2月に入院していた患者の新型コロナ感染が判明し、一時は外来や手術、救急外来も全て停止していた名古屋市緑区の「南生協病院」は、10日後には外来の再開にこぎつけました。

 感染が拡大すれば医療崩壊にも繋がりかねない事態に、どんな対策をとったのか。
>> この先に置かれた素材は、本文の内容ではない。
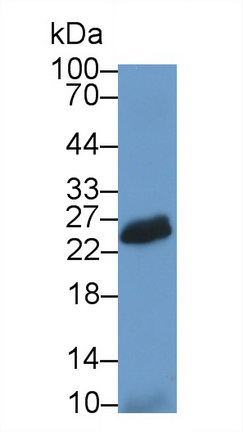 Natural Cytotoxicity Triggering Receptor 2 (NCR2) Human Polyclonal Antibody
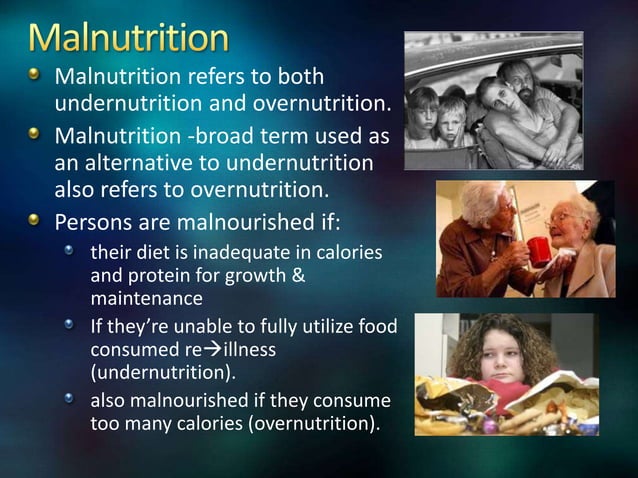 Nutritional status types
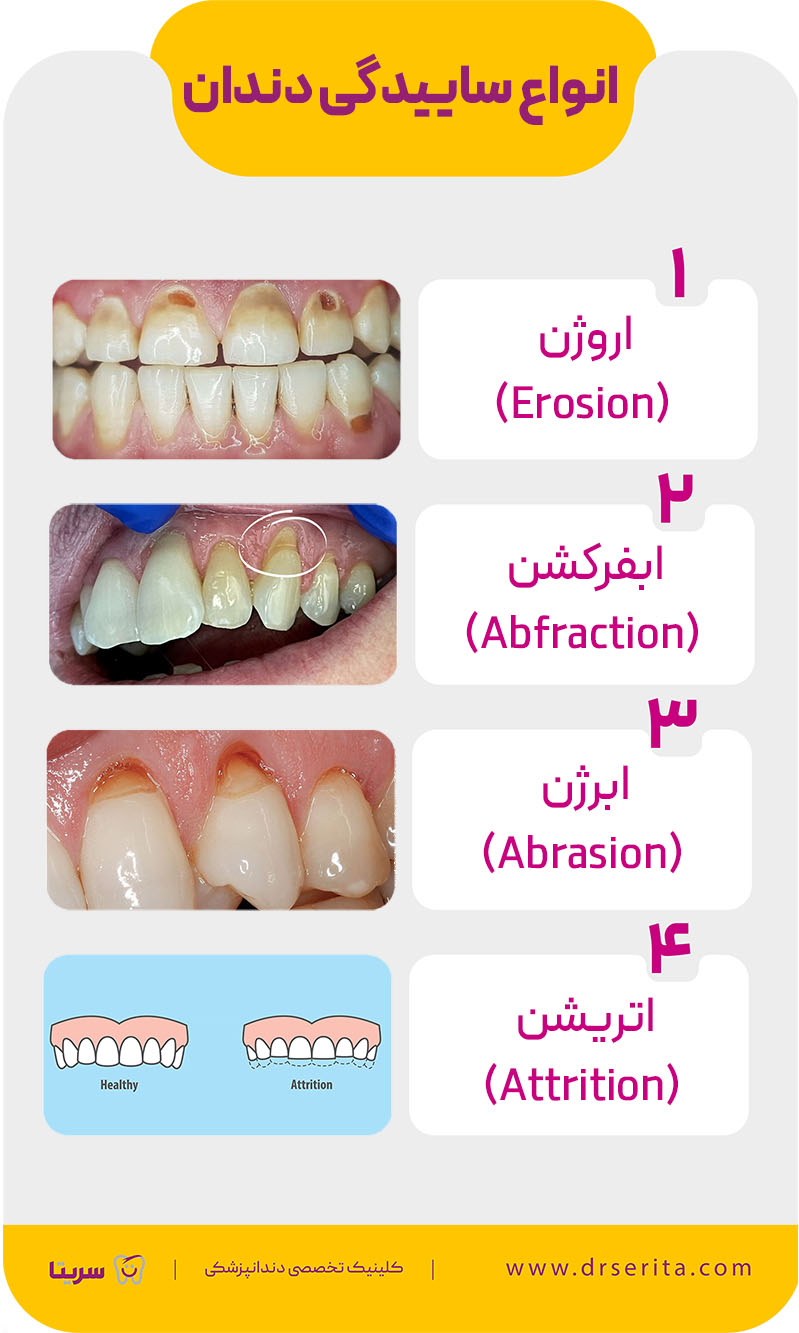 انواع ساییدگی دندان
病院の院長に当時の話を聞ききました。

 名古屋市緑区の「南生協病院」。

 入り口の通路は受診する科ごとに分けられ、休憩スペースも人が滞留しないよう封鎖されています。

長江院長:
「やっぱりいつ何時、自分たちの身に降りかかってくるか分からないという恐怖感が、今も続いています」

 病院として何としても避けなければならない「院内感染」。

和歌山県の会見(今年2月):
「外科の患者さんが肺炎になっているわけだから、そこでうつったんじゃないかなと」

神奈川県の小田原市民病院の会見(5月2日):
「この状況を見まして、院内感染が発生したと」


 全国の医療機関で相次いで発覚した、病院関係者や患者の新型コロナウイルス感染。

 院内で広がり病院の診療が長期停止すると、医療崩壊に繋がりかねないため、最大のリスクの一つとされてきました。

長江院長:
「院内で突然出たということは、すごく衝撃的でしたね」


 2月、肺炎で入院していた患者が新型コロナに感染していることが判明。下痢や嘔吐で緊急搬送されてきた、70代の女性でした。

長江院長:
「通常だったら、肺炎球菌の治療をすれば短期間で良くなるはずなのに、なかなかきれいに症状が取れていかないということがあって、ちょっとおかしいと」

 症状に違和感を覚えた医師は、4人部屋にいた女性患者を個室に移します。

 この判断が、のちに院内感染を防ぐ結果となりました。一方で…。

長江院長:
「事前にわかっていたジムとかね、ここらへんが危ないよというところじゃないところからですね、しかも最初の肺炎の患者さんはですね、下痢・嘔吐で来たんですよ。保険センターの方も、まずは『もうちょっと様子見たらどうでしょうか』ということで…」

 当時、愛知県内で確認されていたクラスターがスポーツジム関連の1つだけだったことなどから、女性はPCR検査を受けることができませんでした。

 その後、女性の呼吸状態は悪化。再度保健所に連絡して検査をした結果、“新型コロナウイルス”の感染がわかりました。

 コロナ患者の受け入れ病院に指定されていない南生協病院。現場は混乱しました。

 陽性判明の翌日に開かれた会議のホワイトボードには、「外来閉鎖」「手術、検査…これからは一斉なし」などの文字が…。

長江院長:
「いろんなことについて、何があるのかなという問題点を出しながら、一番は濃厚接触にあたる人は誰なのか、どんどんどんどん、あの人もあの人も接触していたという話が出てきて、大変でした」


 最大のリスクである院内感染を防ぐため、病棟勤務の医師と看護師などおよそ40人全員を、感染発覚後、自宅待機と決めました。

 さらに発覚翌日からは外来や手術、夜間診療もすべて休止し、院外で行う処方箋のみの対応へと変更しました。

長江院長:
 「(陽性患者が入院した)病棟のスタッフ全部を待機にしてしまったから、その病棟をどうまわすかということで、(休止した)外来のナースとか、その病棟に応援に入ると」


 診察を1週間単位で休止したのは、44年の歴史で初めての事態です。予約が1日あたり500~600件入っているため、全ての患者に急いで受診日を変更してもらわなければいけません。

 休みの職員も呼び出して、スタッフ総出で電話をかけ、2日がかりでなんとか対処できたといいます。

長江院長:
「医療関係者としてはそれに対してどう対応していくか、みんなの知恵を集めながらやっていくしかないなと。すごい不安と混乱の中で、よく頑張ってもらったなと思います」

 結果、入院患者や医療スタッフに感染が広がることなく、10日後には外来の再開に。

 一番のカギは、現場が持っていた危機感だったと院長は振り返ります。

長江院長:
「どこから出るか分からないという危機感は持っていたので、現場のスタッフの方も緊張は高まっていた。こういう所できちっと受け入れていかないと、結局行く所がなくなっちゃうかもしれないので。この病院の使命としては、発熱のある人を受けないということじゃなくて、受けた上でちゃんと安全に診るという風にしていかなきゃいけないと思っていますけど」

 日本看護協会によりますと、全国の54施設で783人に院内感染が確認されているということです。